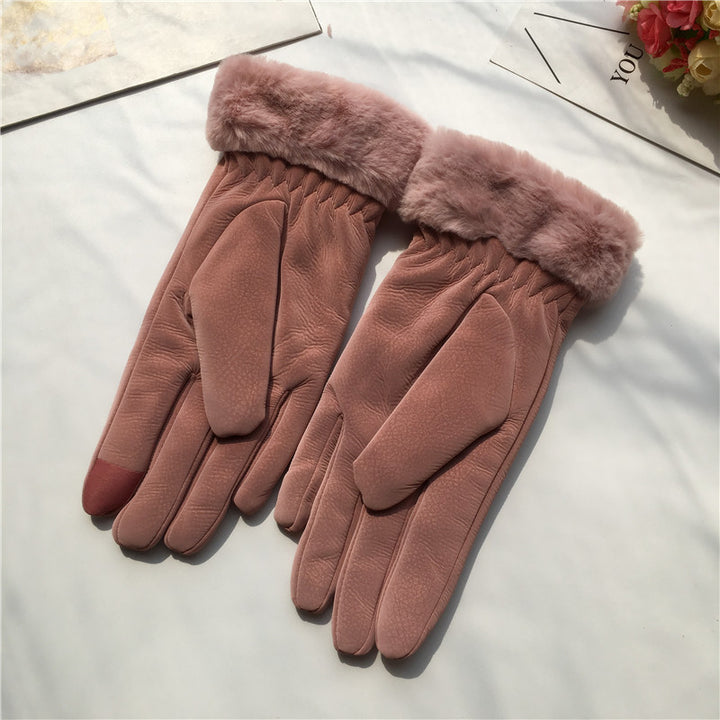 Autumn And Winter Women's Riding Gloves Korean Style Alphabet Cartoon Warm Double Layer Fleece-lined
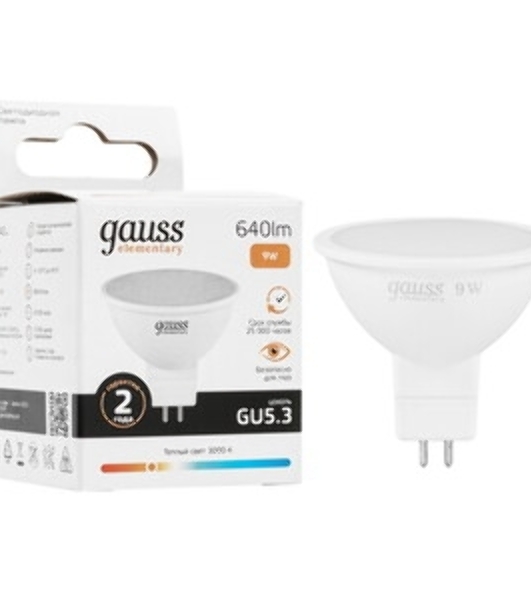 Лампа светодиодная Gauss Elementary MR16 9Вт цок.: GU5.3 спот 220B 2700K св. свеч. бел. теп. MR16 (упак.: 10 шт)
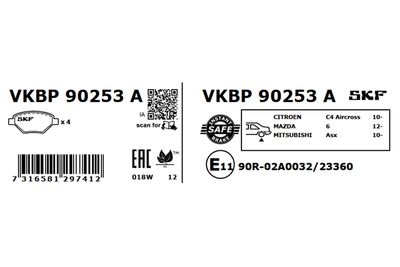 Brake Pad Set, disc brake VKBP 90253 A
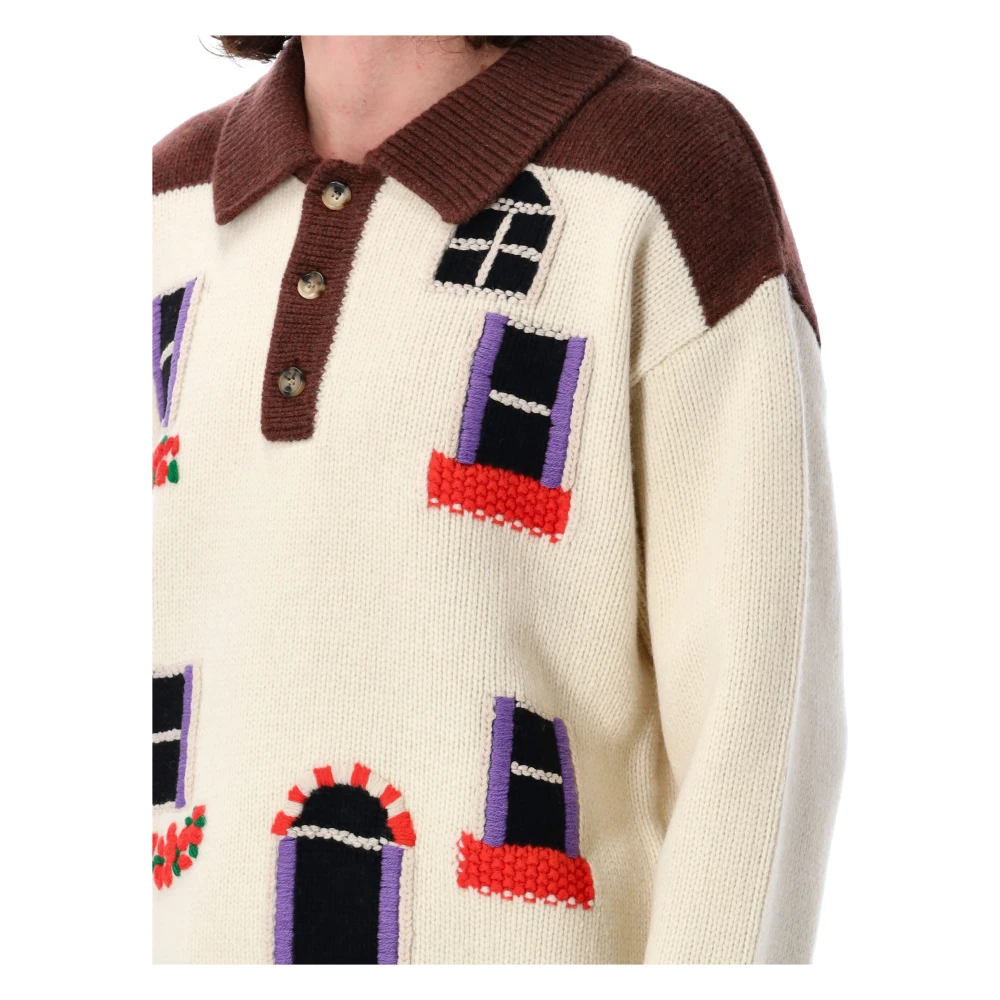 JW Anderson Huis Intarsia Polo Sweater Gebreide kleding Multicolor Heren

# Task to complete
Leaving every picture out, write out exactly the lines from the one that holds "Лампа светодиодная Gauss" through the end of the listing, both included.

# Result below
 Лампа светодиодная Gauss Elementary MR16 9Вт цок.: GU5.3 спот 220B 2700K св. свеч. бел. теп. MR16 (упак.: 10 шт)
 Brake Pad Set, disc brake VKBP 90253 A
 JW Anderson Huis Intarsia Polo Sweater Gebreide kleding Multicolor Heren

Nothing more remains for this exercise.